Australia's last victory over their old foe came at the 2015 World Cup while England embarrassed the Wallabies on home turf in 2016 with a three-Test whitewash.
Only one of those eight losses has been on current coach Dave Rennie's watch, falling 32-15 at Twickenham last year, with Lawes expecting the Wallabies to have evolved.
"I certainly think, especially from the autumn, they'll play very differently to that," said flanker Lawes, who has been retained as skipper ahead of superstar Owen Farrell who is making his return from injury.
"I know that they didn't think they fired any shots in that game and I'd be surprised if they didn't throw the kitchen sink at us so we're very ready for all scenarios."
He said that his team couldn't rest on previous results and England wouldn't underestimate Australia's appetite for a win at home.
"Regardless of whether we won three-nil last time or not this is a completely different competition so we can't take anything for granted," the 93-Test veteran said.
"Don't get me wrong, we're confident going into the game, we've got a great team and we've had a very good training week so we're not looking for anything less than a win, but we're expecting a very tough game."
The Wallabies have signalled their intent to take on England up front, with the bulk of their forwards coming from the Brumbies, who boast the best set-piece among Australian Super Rugby teams.
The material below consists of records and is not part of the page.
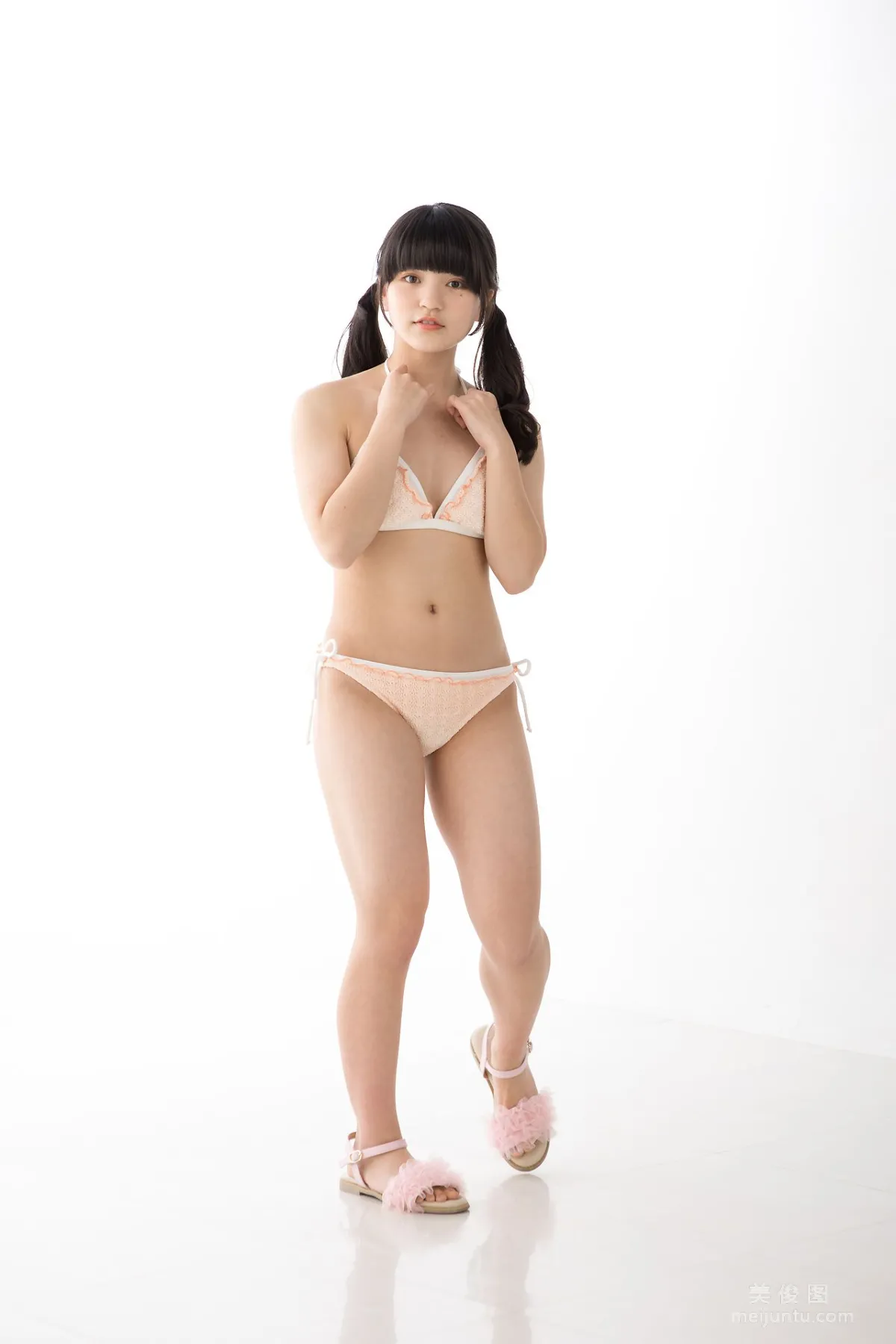 [Minisuka.tv] Hinako Tamaki 玉城ひなこ - Regular Gallery 4.1 39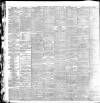 Yorkshire Post and Leeds Intelligencer Wednesday 12 June 1901 Page 2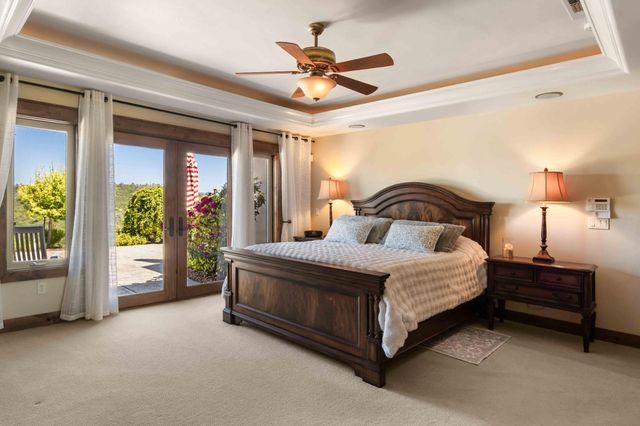 5390 Lost Creek Rd, Shingle Springs, CA 95682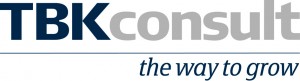 TBK Logo _small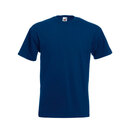 Super Premium T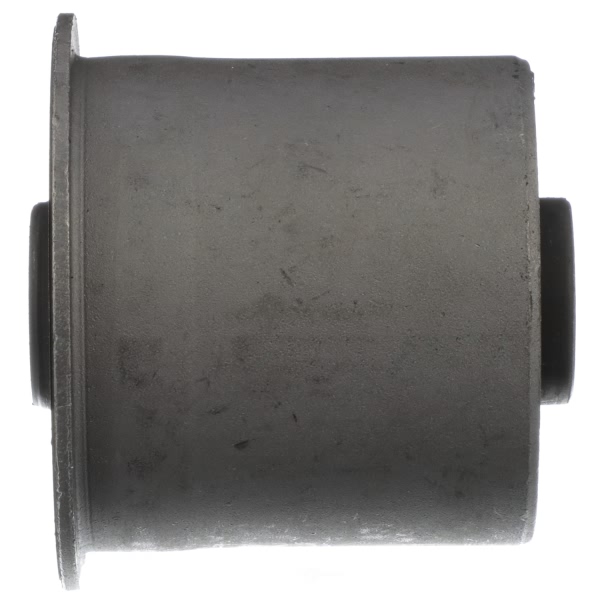 Delphi Rear Lower Rearward Control Arm Bushing TD4256W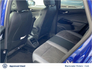 2022 VOLKSWAGEN ID.4 ID.4 BUSINESS 77KWH 204BHP *WAS €33,995 NOW €32,995 SAVING €1,000*
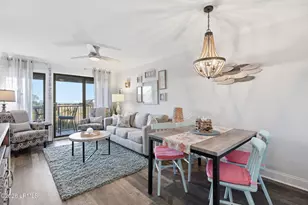 663 William Hilton Pkwy, Hilton Head Island, SC 29928 - Photo 2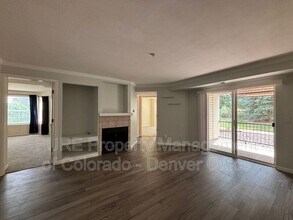 12338 W Dorado Pl in Littleton, CO - Foto de edificio - Building Photo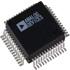 ADUC848BS62-3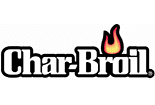 Char-Broil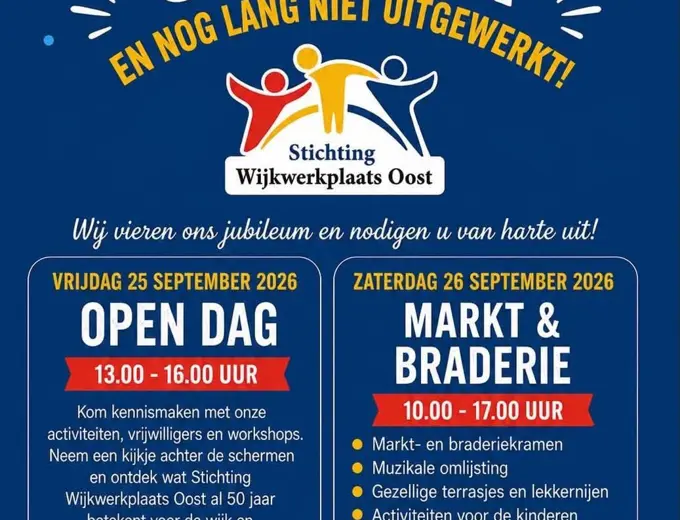 Wijkwerkplaats Oost.jpg
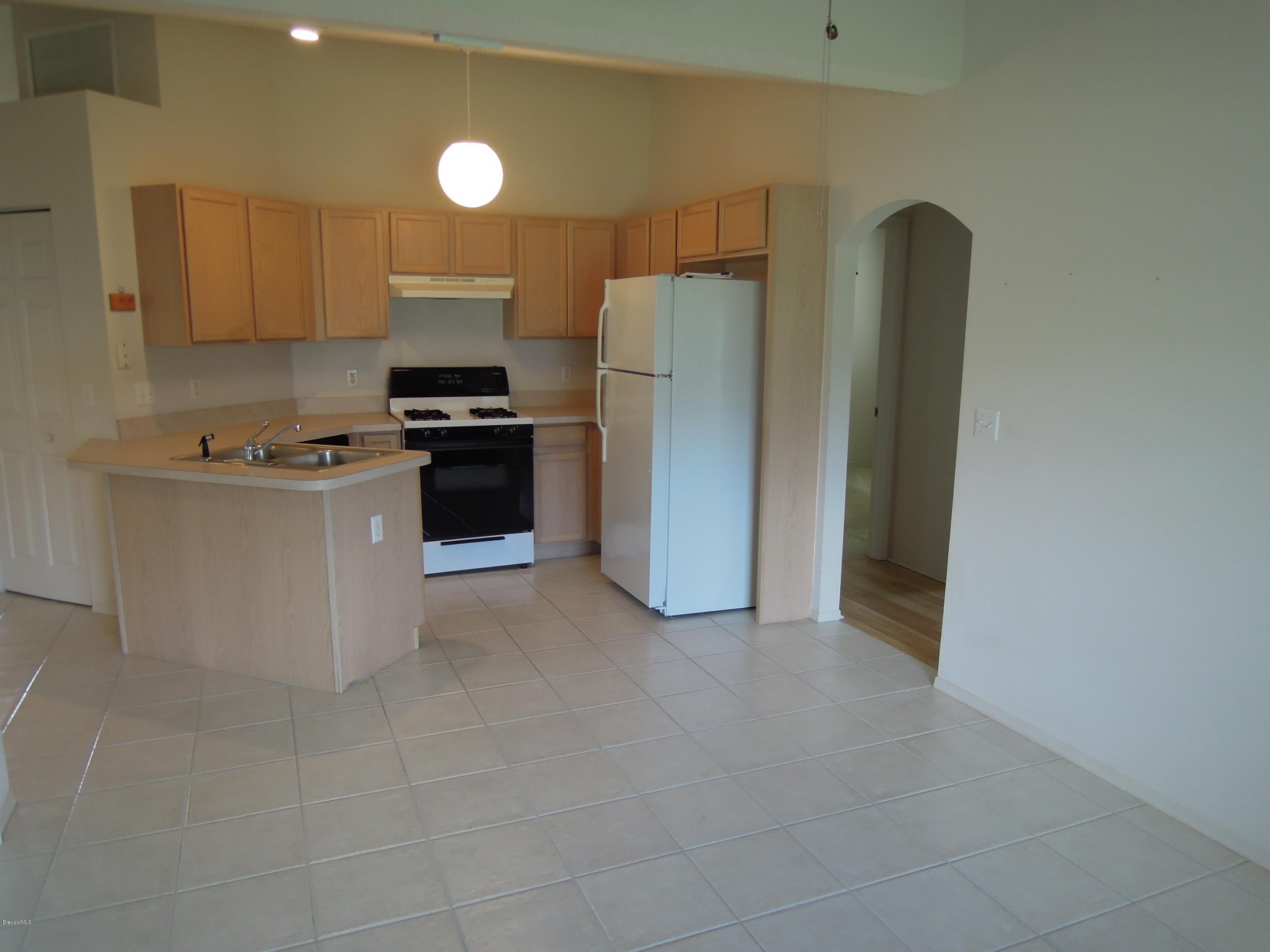 1914 Blue Ridge Avenue Melbourne, FL 32935 - Photo 12 of 28 Blue Ridge 020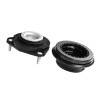 KYB Shocks & Struts Strut Mount Front 18-20 Ford Transit-150 - SM5899 User 1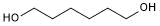 1,6-Hexanediol图片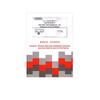 H3C Enterprise Wireless Networking Solutions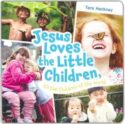 9781514010495 Jesus Loves The Little Children All The Children Of The World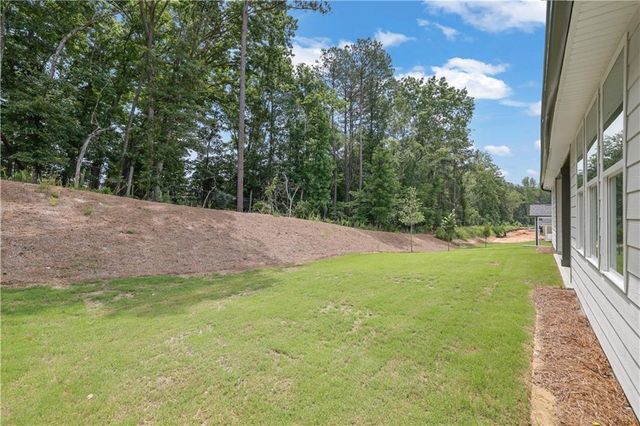 5907 Cabernet Lane, Braselton, GA 30517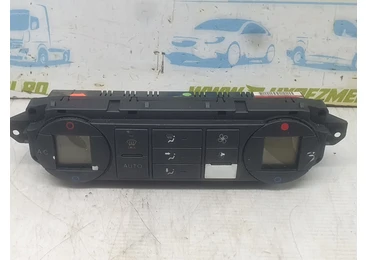Panou clima ac 3m5t18c612ah Ford C-Max 1 (2003 - 2007)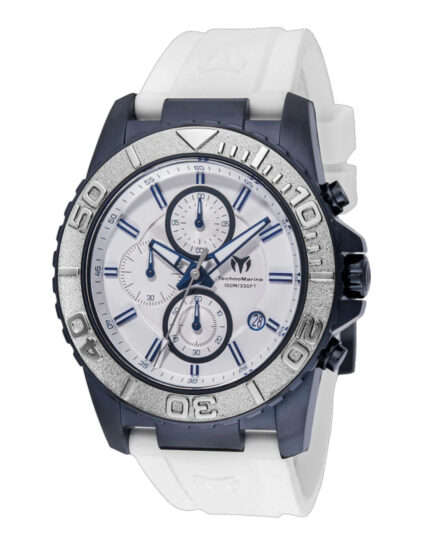 Technomarine Sea TM-724006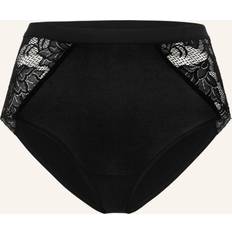 Margarete Tailenslip
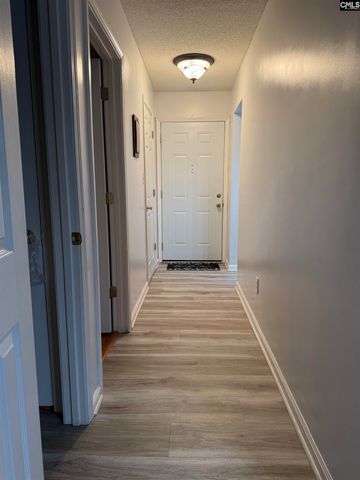 29 Heritage Village Lane, Columbia, SC 29212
They have however included two uncapped players in lock Cadeyrn Nevill and hooker Dave Porecki, who Lawes felt his team could target.
"We're going look to exert pressure in a number of different ways, obviously line-out is big one for us," Lawes said.
The Wallabies arrived into Perth late on Thursday night from their base on the Queensland Sunshine Coast.
Australian skipper Michael Hooper insisted they weren't "hiding away" but felt the facilities there allowed his team to best prepare, with a new trophy called the Ella-Mobbs Cup up for grabs,
Only four Wallabies players who took part in the 2016 series remain and Hooper, who started at flanker in all three games, felt much had changed.
He said the current selection was a mix of "athleticism and brutality" able to deliver on the way they wanted to play.
"We're a different team in terms of personnel and everything," Hooper said.
"We're very different and we play a different style than we did.
"We're a year further into our development and we made some good shifts last year."
"It's not a reinvention of the wheel but Dave (Rennie) and his crew and us as players are setting a trajectory of where we want this team to go on so we've got to deliver that.
"We've got a great opportunity to do that against England."